Wednesday 24 February 2010

Amazing Amazon: Part Two

The Amazon saga continues as I discover their "three strikes and you're out" policy of dealing with customers.  I mentioned in my last post their appallingly discourteous policy of sending you an email that you can't reply to.  It is like talking to someone in a high-security compound through a tiny grille.  Each time they failed to answer my point I went laboriously back to their website to leave another comment but after my third attempt they sent a chilling statement: "We regret that we have not been able to address your concerns to your satisfaction. Unfortunately, we will not be able to offer any additional insight or action on these matters."  I think that what they were really trying to say should have been expressed with a row of asterisks.  

Amazon also claimed that once an order is placed: "we will try to source the item from our suppliers" which is indeed what has happened over the past five years of the Rack Press, but not any more because there has been no attempt to "try to source the item" from this year's titles as disgruntled customers have been telling me.  I know this for a fact because I am the person who would supply such a request.  The net result is that Amazon refuses to discuss the matter any further, refuses to remove my titles from the website, in spite of the inaccurate statements there, and refuses to source any of the items it insists on listing.  They are as responsive as an absolutist monarch or a Stalinist apparatchik.

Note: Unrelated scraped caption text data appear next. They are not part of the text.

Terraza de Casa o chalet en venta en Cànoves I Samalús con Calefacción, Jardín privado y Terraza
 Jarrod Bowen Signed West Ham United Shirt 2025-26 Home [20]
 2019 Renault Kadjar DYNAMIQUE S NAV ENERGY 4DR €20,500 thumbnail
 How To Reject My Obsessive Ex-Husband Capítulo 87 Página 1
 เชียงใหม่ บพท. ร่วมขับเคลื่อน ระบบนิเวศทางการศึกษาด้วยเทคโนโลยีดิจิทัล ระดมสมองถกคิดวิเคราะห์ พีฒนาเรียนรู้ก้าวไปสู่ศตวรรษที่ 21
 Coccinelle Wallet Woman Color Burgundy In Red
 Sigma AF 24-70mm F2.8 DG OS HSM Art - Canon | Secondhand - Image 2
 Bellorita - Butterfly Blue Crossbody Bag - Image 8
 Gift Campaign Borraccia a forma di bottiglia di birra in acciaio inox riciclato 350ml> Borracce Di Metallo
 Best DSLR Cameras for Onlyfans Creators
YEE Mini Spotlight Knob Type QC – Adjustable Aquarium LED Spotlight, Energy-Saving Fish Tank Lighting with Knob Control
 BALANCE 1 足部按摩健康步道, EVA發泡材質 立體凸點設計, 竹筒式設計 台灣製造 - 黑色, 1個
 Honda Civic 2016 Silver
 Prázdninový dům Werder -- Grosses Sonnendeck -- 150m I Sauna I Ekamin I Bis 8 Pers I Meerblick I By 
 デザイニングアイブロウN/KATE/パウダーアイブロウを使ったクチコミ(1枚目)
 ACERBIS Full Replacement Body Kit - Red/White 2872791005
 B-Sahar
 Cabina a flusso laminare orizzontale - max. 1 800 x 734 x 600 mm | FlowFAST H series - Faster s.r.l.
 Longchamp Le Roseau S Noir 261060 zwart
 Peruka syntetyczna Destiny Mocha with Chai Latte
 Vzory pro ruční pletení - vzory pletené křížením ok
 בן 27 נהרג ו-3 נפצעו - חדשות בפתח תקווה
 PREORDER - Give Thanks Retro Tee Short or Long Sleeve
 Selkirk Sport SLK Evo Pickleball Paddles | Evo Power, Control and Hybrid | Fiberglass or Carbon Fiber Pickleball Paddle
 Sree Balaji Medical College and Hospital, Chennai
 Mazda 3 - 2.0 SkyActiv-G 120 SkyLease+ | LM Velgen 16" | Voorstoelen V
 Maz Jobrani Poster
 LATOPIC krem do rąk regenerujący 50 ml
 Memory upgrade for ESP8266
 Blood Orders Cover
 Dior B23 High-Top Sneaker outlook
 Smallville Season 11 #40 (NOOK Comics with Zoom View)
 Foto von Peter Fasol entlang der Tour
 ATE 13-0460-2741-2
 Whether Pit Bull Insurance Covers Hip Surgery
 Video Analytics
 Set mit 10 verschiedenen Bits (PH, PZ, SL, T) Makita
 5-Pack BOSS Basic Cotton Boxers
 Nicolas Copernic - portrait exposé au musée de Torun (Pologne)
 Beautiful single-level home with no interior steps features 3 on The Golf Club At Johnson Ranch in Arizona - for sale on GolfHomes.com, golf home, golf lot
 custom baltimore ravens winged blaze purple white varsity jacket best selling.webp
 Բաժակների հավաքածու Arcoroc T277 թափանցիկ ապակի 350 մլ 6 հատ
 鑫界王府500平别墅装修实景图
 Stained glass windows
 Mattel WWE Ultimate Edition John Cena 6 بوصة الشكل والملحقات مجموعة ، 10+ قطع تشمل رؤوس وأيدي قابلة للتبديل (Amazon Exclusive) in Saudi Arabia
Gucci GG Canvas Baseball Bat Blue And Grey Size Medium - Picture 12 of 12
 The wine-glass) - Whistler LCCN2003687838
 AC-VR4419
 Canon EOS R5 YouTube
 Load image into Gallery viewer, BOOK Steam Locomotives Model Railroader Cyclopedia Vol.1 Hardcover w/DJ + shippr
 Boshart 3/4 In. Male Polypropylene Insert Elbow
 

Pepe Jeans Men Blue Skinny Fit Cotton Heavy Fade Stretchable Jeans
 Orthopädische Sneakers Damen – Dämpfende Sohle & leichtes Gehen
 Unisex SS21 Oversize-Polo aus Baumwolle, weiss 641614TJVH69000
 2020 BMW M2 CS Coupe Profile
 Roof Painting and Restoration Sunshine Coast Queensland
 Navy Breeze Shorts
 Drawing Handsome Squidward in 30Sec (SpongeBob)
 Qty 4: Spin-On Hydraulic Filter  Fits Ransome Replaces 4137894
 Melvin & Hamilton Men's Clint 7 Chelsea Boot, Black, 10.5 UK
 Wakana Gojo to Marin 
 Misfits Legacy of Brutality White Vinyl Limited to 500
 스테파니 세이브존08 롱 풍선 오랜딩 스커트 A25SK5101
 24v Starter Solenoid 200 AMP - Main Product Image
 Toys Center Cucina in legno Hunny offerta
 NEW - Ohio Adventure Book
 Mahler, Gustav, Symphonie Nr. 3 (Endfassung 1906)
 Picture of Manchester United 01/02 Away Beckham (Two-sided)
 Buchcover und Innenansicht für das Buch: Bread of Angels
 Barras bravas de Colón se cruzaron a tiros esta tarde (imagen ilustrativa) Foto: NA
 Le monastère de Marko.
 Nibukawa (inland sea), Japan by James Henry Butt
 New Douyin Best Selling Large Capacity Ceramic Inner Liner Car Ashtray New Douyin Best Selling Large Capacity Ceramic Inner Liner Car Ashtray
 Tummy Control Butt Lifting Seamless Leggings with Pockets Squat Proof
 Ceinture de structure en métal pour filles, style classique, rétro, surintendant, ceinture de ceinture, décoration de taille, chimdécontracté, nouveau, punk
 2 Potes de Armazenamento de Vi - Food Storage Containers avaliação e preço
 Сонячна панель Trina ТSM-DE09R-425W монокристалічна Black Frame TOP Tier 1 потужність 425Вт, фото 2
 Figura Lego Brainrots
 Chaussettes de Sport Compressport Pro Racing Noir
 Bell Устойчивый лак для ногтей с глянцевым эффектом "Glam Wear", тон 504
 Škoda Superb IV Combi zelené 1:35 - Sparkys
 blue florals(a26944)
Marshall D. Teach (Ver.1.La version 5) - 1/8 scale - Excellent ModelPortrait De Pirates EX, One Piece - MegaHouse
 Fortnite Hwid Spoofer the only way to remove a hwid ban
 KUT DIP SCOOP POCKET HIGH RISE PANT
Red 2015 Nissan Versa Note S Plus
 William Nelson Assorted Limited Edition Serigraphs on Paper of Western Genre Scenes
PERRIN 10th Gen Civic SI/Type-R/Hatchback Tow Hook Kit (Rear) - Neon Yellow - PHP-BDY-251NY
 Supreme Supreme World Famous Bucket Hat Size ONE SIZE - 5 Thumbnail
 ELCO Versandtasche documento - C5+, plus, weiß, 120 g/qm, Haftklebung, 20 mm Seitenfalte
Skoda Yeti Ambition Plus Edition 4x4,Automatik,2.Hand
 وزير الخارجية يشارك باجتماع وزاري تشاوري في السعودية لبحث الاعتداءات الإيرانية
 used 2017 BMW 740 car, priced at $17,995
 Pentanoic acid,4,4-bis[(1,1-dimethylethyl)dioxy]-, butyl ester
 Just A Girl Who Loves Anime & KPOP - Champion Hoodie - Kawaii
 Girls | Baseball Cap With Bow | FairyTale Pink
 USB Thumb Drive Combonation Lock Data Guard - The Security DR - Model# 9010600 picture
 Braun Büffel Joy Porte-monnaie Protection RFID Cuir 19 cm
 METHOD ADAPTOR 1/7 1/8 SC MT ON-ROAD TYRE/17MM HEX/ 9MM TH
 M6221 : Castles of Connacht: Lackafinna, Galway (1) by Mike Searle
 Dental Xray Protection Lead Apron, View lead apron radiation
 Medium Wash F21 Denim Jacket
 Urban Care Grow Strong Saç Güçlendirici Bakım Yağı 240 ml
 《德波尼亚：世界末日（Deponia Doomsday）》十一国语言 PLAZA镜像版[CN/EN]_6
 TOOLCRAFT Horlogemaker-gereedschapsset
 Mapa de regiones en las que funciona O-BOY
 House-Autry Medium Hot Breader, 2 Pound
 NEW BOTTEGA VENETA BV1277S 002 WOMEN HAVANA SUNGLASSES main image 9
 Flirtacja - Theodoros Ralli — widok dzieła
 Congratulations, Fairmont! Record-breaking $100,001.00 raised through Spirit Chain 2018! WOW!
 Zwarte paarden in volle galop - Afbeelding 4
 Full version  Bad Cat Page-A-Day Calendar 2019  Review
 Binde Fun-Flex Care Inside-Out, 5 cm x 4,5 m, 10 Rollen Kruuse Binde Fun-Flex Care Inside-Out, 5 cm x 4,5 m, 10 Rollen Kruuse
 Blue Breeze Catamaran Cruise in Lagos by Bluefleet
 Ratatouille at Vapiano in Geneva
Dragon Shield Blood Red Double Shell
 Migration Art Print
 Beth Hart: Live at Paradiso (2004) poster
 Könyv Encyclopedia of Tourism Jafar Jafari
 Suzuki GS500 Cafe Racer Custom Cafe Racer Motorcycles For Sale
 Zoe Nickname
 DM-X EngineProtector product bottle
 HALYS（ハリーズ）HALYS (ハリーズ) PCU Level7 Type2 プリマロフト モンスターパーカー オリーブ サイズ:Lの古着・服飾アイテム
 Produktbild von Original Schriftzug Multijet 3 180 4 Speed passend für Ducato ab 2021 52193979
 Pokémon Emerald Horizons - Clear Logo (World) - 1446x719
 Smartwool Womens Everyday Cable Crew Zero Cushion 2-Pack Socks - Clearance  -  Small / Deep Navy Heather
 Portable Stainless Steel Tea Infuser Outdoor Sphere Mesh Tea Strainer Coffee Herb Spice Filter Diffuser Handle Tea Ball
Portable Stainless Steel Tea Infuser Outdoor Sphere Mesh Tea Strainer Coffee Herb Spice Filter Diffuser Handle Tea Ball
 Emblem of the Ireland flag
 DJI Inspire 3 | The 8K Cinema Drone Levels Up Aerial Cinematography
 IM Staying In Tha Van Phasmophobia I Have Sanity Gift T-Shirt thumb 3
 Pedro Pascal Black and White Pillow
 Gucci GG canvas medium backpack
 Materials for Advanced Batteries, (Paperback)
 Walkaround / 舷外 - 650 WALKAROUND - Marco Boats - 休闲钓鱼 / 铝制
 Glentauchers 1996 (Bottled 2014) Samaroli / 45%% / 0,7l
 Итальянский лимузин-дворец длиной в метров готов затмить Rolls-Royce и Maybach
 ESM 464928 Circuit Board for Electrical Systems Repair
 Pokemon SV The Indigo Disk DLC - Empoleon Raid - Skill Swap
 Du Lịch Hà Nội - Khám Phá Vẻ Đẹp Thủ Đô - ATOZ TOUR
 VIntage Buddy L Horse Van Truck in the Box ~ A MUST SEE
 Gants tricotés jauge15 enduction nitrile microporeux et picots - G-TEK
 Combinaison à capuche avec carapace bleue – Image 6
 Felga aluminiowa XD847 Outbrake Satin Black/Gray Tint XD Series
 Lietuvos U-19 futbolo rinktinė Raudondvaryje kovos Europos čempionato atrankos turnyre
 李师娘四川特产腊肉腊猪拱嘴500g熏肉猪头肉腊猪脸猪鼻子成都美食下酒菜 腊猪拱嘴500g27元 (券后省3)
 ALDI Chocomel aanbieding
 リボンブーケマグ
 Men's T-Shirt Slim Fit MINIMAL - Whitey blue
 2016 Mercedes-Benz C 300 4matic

Still, it is comforting to read their slogan: "We strive to be Earth's Most Customer-Centric Company. Your feedback helps us build it."

No comment.

1 comment:

charles said...

I wrote about Amazon in similar terms on the CB editions blog, also in February (sonofabook.blogspot.com/2010/02/spinal-deformities.html). Maddening. A possible model of how to approach an institution that simply refuses to respond is suggested by Yann Martel's deeply funny What Is Stephen Harper Reading? (www.whatisstephenharperreading.ca).